▶ YOUR GOAL: Would you transcribe the listing that follows word for word, skipping pictures?
INFORMATION SUPPLIED section start
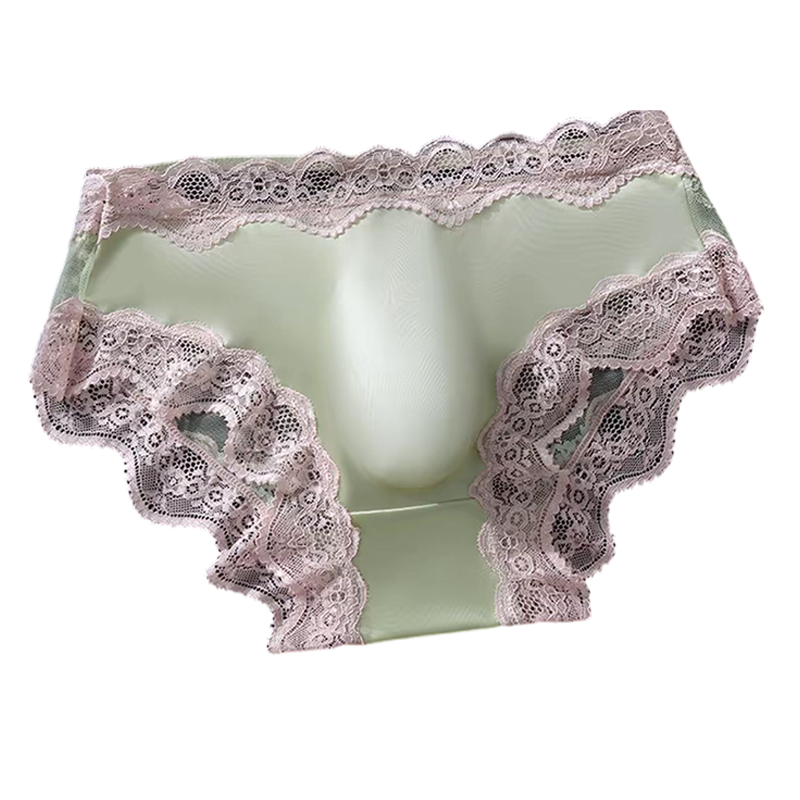 Men's sexy lace briefs with 3D breathable pouch
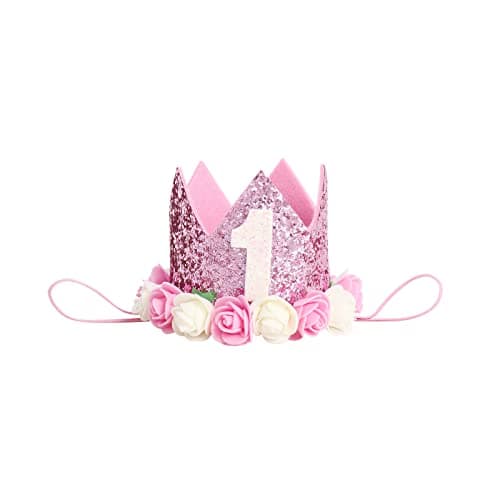 ODASDO Baby Girl's 1st Birthday Flower Cotton Romper & Tutu Skirt 3PC Set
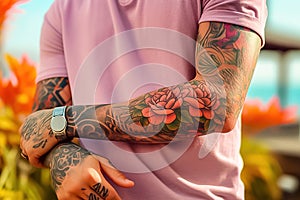 A man with tattoos on his arms. Generative AI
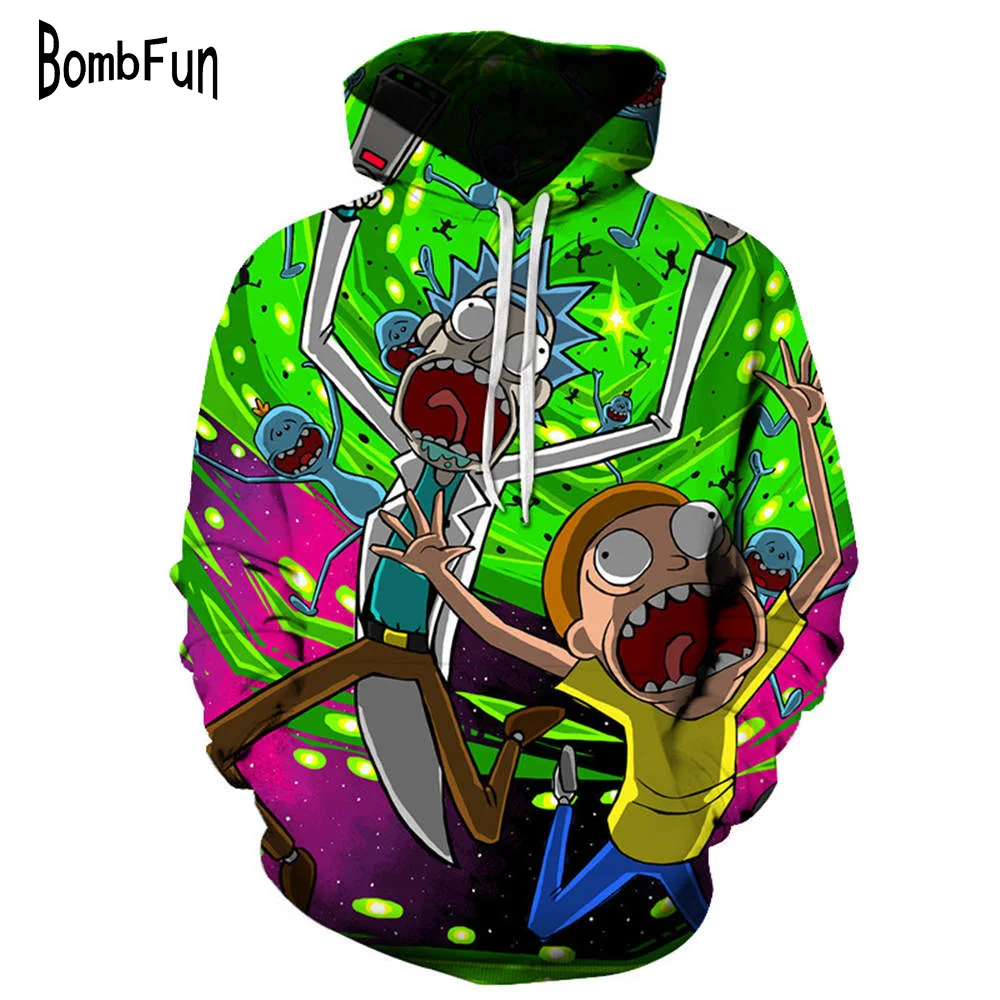 BombFun/мужские и женские толстовки с капюшоном рисунком из мультфильма 3D принтом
INFORMATION SUPPLIED section end
▶ REPLY:
 Men's sexy lace briefs with 3D breathable pouch
 ODASDO Baby Girl's 1st Birthday Flower Cotton Romper & Tutu Skirt 3PC Set
 A man with tattoos on his arms. Generative AI
 BombFun/мужские и женские толстовки с капюшоном рисунком из мультфильма 3D принтом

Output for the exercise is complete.